*** Opening Data section ***

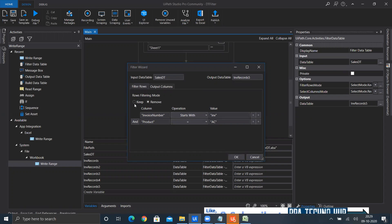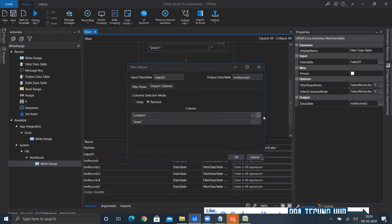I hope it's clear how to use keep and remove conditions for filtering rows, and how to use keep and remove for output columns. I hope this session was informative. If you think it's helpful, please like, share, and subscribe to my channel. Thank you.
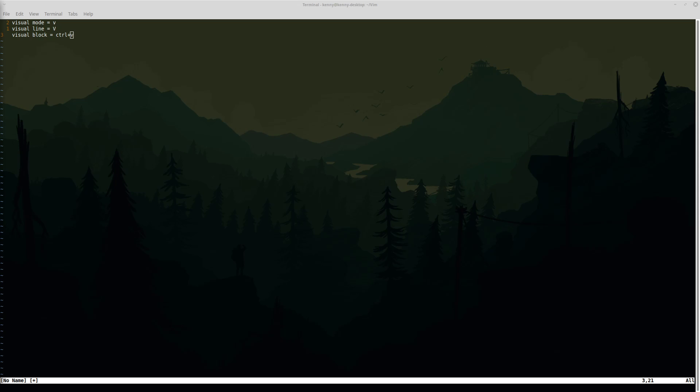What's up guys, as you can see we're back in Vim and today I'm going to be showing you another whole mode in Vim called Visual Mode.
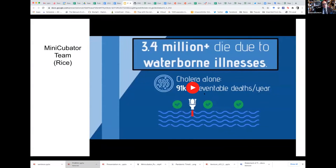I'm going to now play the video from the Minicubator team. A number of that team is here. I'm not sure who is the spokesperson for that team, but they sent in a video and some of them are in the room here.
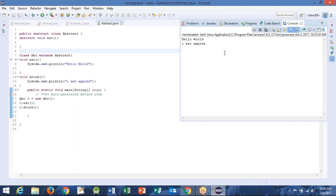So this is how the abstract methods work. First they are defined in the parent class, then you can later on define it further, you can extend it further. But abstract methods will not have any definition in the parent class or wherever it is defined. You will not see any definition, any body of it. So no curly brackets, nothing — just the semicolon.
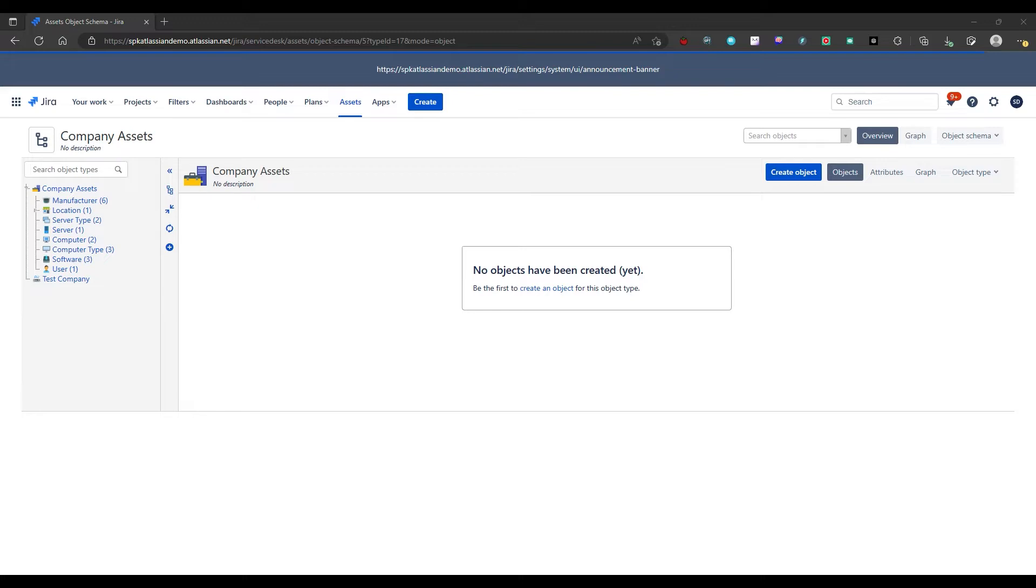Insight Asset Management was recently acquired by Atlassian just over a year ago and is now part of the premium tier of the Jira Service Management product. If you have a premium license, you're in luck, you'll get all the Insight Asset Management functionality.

*** Closing Data section ***

Work request ::
What lines above run from the one with "What's up guys, as" to the one with "So this is how"? Give them again exactly, ends included, and leave the pictures out.

Completed exercise ::
What's up guys, as you can see we're back in Vim and today I'm going to be showing you another whole mode in Vim called Visual Mode.
I'm going to now play the video from the Minicubator team. A number of that team is here. I'm not sure who is the spokesperson for that team, but they sent in a video and some of them are in the room here.
So this is how the abstract methods work. First they are defined in the parent class, then you can later on define it further, you can extend it further. But abstract methods will not have any definition in the parent class or wherever it is defined. You will not see any definition, any body of it. So no curly brackets, nothing — just the semicolon.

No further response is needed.